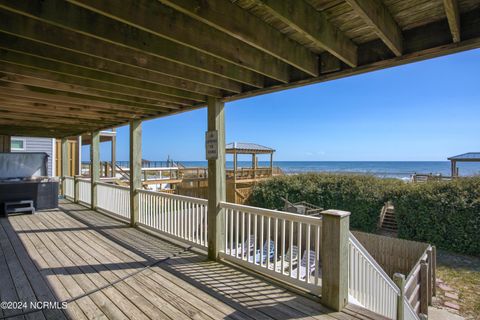 A home in North Topsail Beach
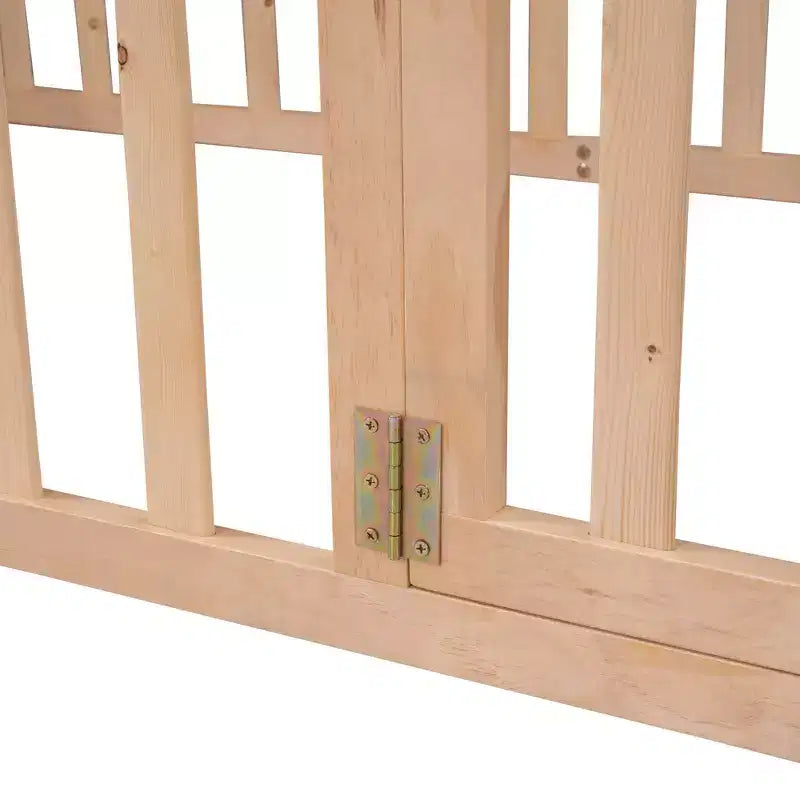 Cadre de lit en bois de taille Queen avec clôture et porte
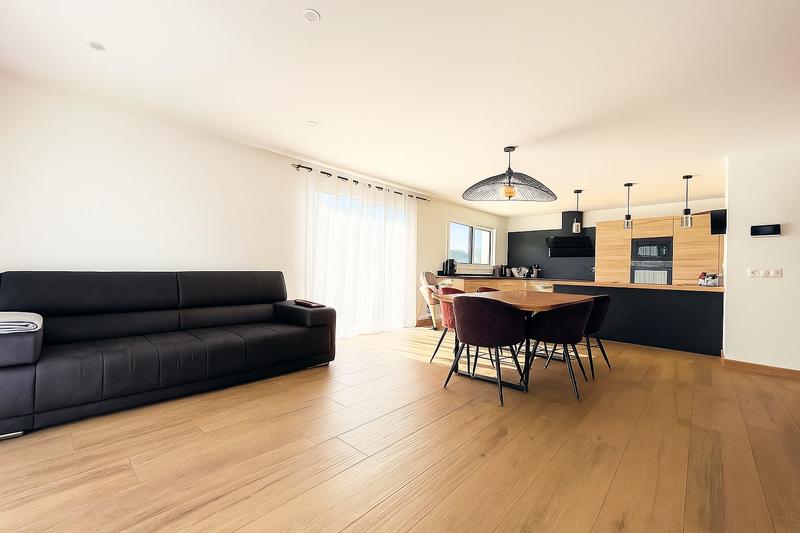 Maison contemporaine - 100 m² - 4 pièces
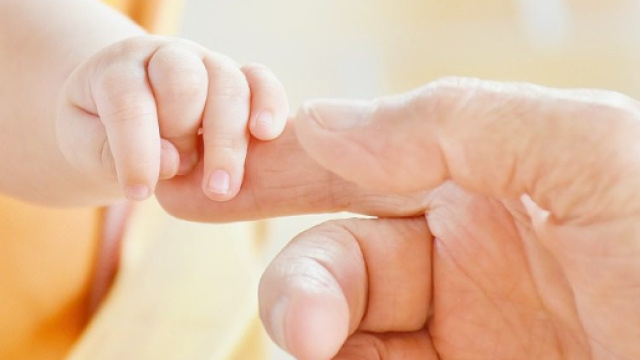 Bimba nasce con il cuore fuoti dal corpo: i medici la salvano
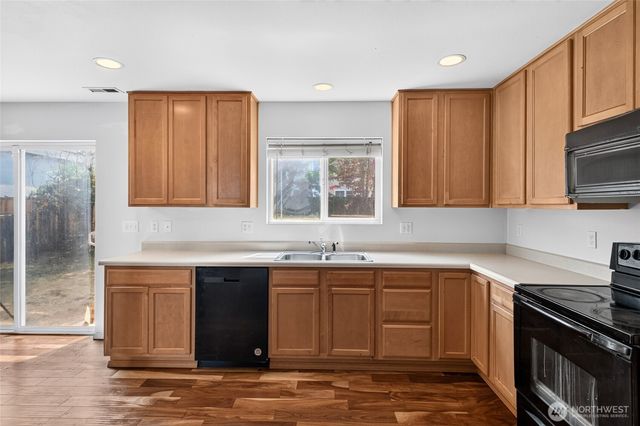 17823 Silver Creek Avenue E, Puyallup, WA 98375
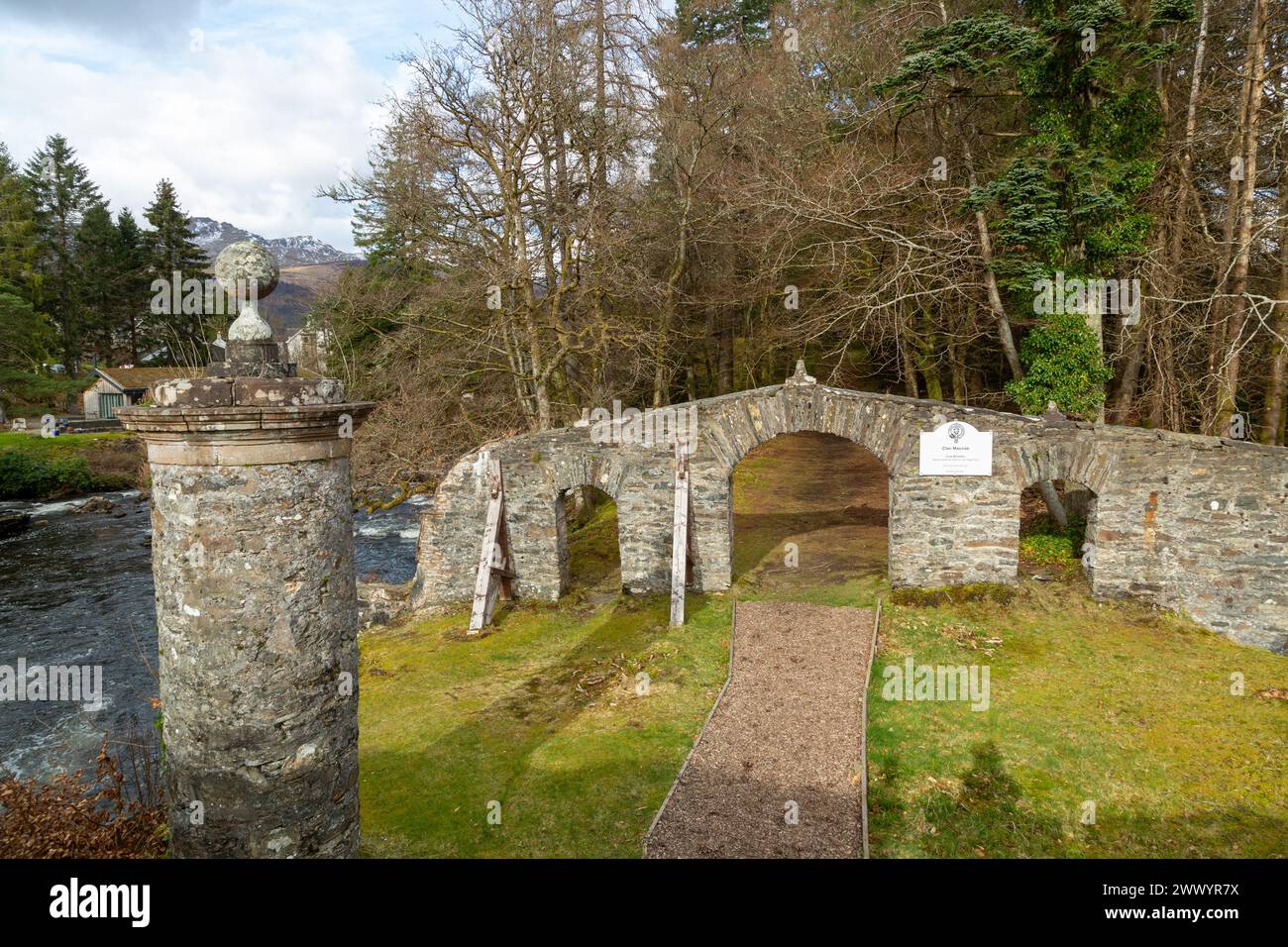 L'ingresso al Clan Macnab Burial Ground si trova sull'isola 'Innis Bhuidhe' nel villaggio di Killin nel Perthshire. Foto Stock
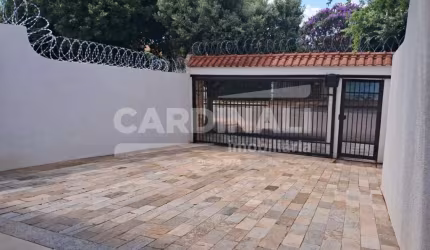 Linda casa a venda com localização espetacular, área de lazer completo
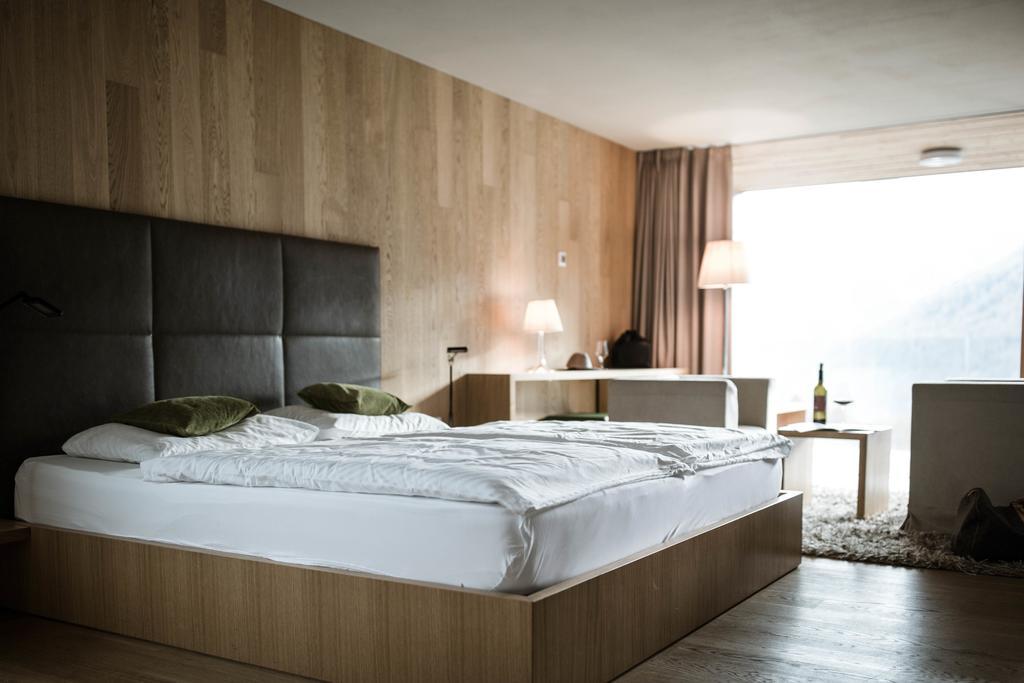 Hotel Weisses Kreuz Burgusio Eksteriør bilde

--

What to do » Please retype the records above exactly, excluding every picture.

Answer to the problem »
 A home in North Topsail Beach
 Cadre de lit en bois de taille Queen avec clôture et porte
 Maison contemporaine - 100 m² - 4 pièces
 Bimba nasce con il cuore fuoti dal corpo: i medici la salvano
 17823 Silver Creek Avenue E, Puyallup, WA 98375
 L'ingresso al Clan Macnab Burial Ground si trova sull'isola 'Innis Bhuidhe' nel villaggio di Killin nel Perthshire. Foto Stock
 Linda casa a venda com localização espetacular, área de lazer completo
 Hotel Weisses Kreuz Burgusio Eksteriør bilde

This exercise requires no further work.